PICO DA VIGIA 2
Pessoas, costumes, estórias e tradições da Fajã Grande das Flores e outros temas.
OS “FIOS” DAS PALAVRAS DE ARTUR GOULART
Não é todos os dias que temos o privilégio de receber, como oferta, um livro de poemas. Esse privilégio, no entanto, torna-se supremo, se for o próprio poeta e autor do livro a distinguir-nos com tão excelsa regalia, embora, neste caso seja bastante mais raro.
Quanto a mim confesso que já tive essa honra duas vezes. Uma há muitos anos. O livro que, nessa altura, recebi como oferta e autografado pelo próprio autor, com uma pequena dedicatória, foi o livro “Caminhos”, da autoria de Valério Florense, pseudónimo literário do padre José Luís de Fraga, meu conterrâneo. Mais recentemente fui presenteado por Artur Goulart com livro “No Fio das Palavras” de que é autor
Artur Goulart foi meu mestre e companheiro. Homem de uma sensibilidade notável, de uma cultura elevadíssima e de um profundo saber, sobretudo no domínio das artes, foi o professor que durante mais anos me acompanhou como mestre ao longo da minha formação académica e de quem recebi, para além dos conhecimentos das disciplinas por ele leccionada, um notável exemplo de nobreza de carácter e de defesa de valores morais. Afável nas suas atitudes, compreensivo na nossa inquietude e alegre nas horas de convívio, Artur Goulart fazia das suas aulas autênticos momentos inesquecíveis de diálogo, de partilha, mas sobretudo duma aprendizagem eficaz e profícuo, utilizando, na década de sessenta, paralelamente a Edmundo Oliveira, audiovisuais nas suas aulas, o que as tornava obviamente, num e noutro caso, muito mais atractivas e motivadoras.

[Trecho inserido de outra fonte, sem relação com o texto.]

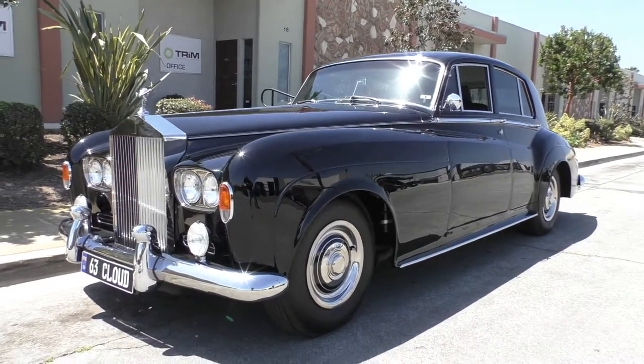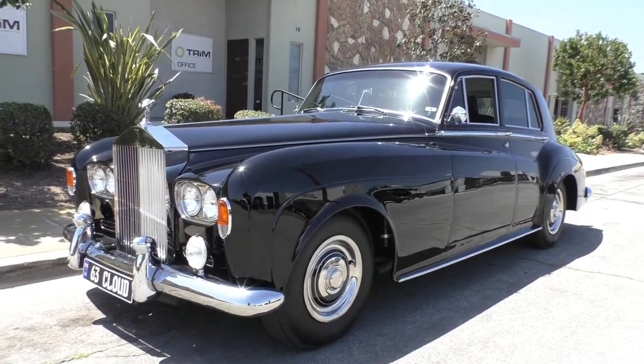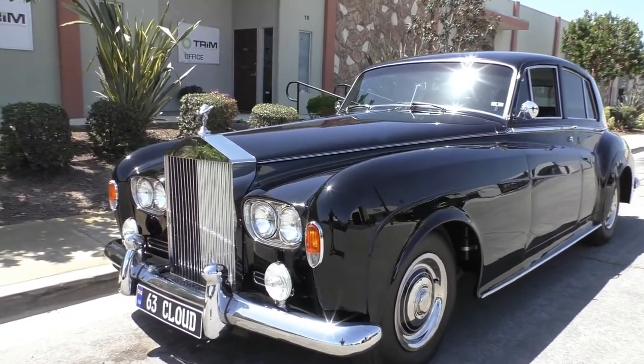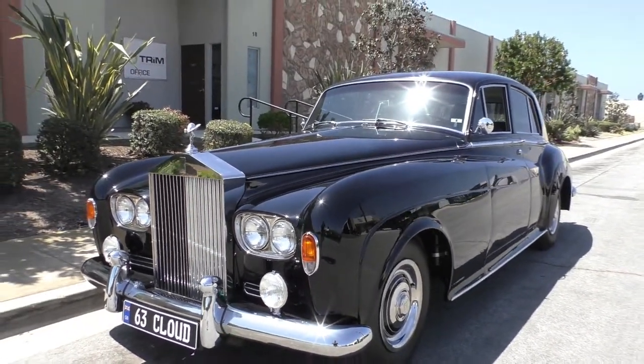It's a 1963 Rolls-Royce Silver Cloud 3. They were built from around 1963 to 1966, and total production during that time span was about 2,044 cars.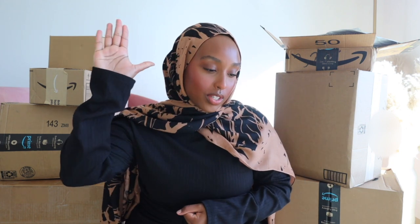Welcome back to the channel guys, welcome to another Ramadan daily video. I have a shopping addiction — I have an Amazon addiction. If any of you can relate, please raise your hand.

Ao receber “No Fio das Palavras” e recordando o meu saudoso mestre e actual companheiro, interroguei-me de qual seria o sentido deste “fio” das suas palavras. Li-as todas e voltei a ler alguns dos poemas, ou melhor reescrevi-os porque acredito que cada leitor ao ler um poema como que o reescreve à sua maneira. E descobri então que nestas palavras dos poemas de Artur Goulart existem, afinal, não um, mas três “fios”. Primeiro porque as palavras de Artur Goulart estão de tal modo escritas e elaboradas com tal sensibilidade que realmente parecem ligar-se umas às outras como o fio de um enorme e misterioso novelo. E é precisamente com esse suave e macio “fio” que elas contêm e encerram que vamos construindo, elaborando e tecendo, a pouco e pouco, imagens de sonho, de beleza e de graciosidade reais. É o que acontece se na realidade seguirmos esta espécie de “fio” “sobranceiro ao mar, à solidão, ao luar, ao vento, perdido nas ondas, carregado de bruma, de saudade, de distância...” construiremos facilmente as imagens de sonho dos nossos “ilhéus”. Mas as palavras de Artur Goular têm um outro fio cortante, uma espécie de gume com o qual as vamos abrindo uma a uma, penetrando no su interior semântico, bebendo a beleza profunda do seu significado e saboreando a amplitude magna da sua compreensão: “…na entrega há o segredo inteiro da subida.”. Mas as palavras do poeta ainda contêm um terceiro “fio”, aquele que derramam ou despejam sobre o leitor como uma espécie de bálsamo purificante, como um perfume de suavidade e doçura, como gotas enternecedoras de sublimidade que lentamente nos vão envolvendo numa perene e infinita maré de açorianidade: “Só/Ilha/o mar/ e eu.”,
Acrescente-se que o livro de Artur Goulart editado pela Santa Casa da Misericórdia da Vila das Velas, ilha de São Jorge, donde é natural, contém um excelente prefácio de Olegário Paz.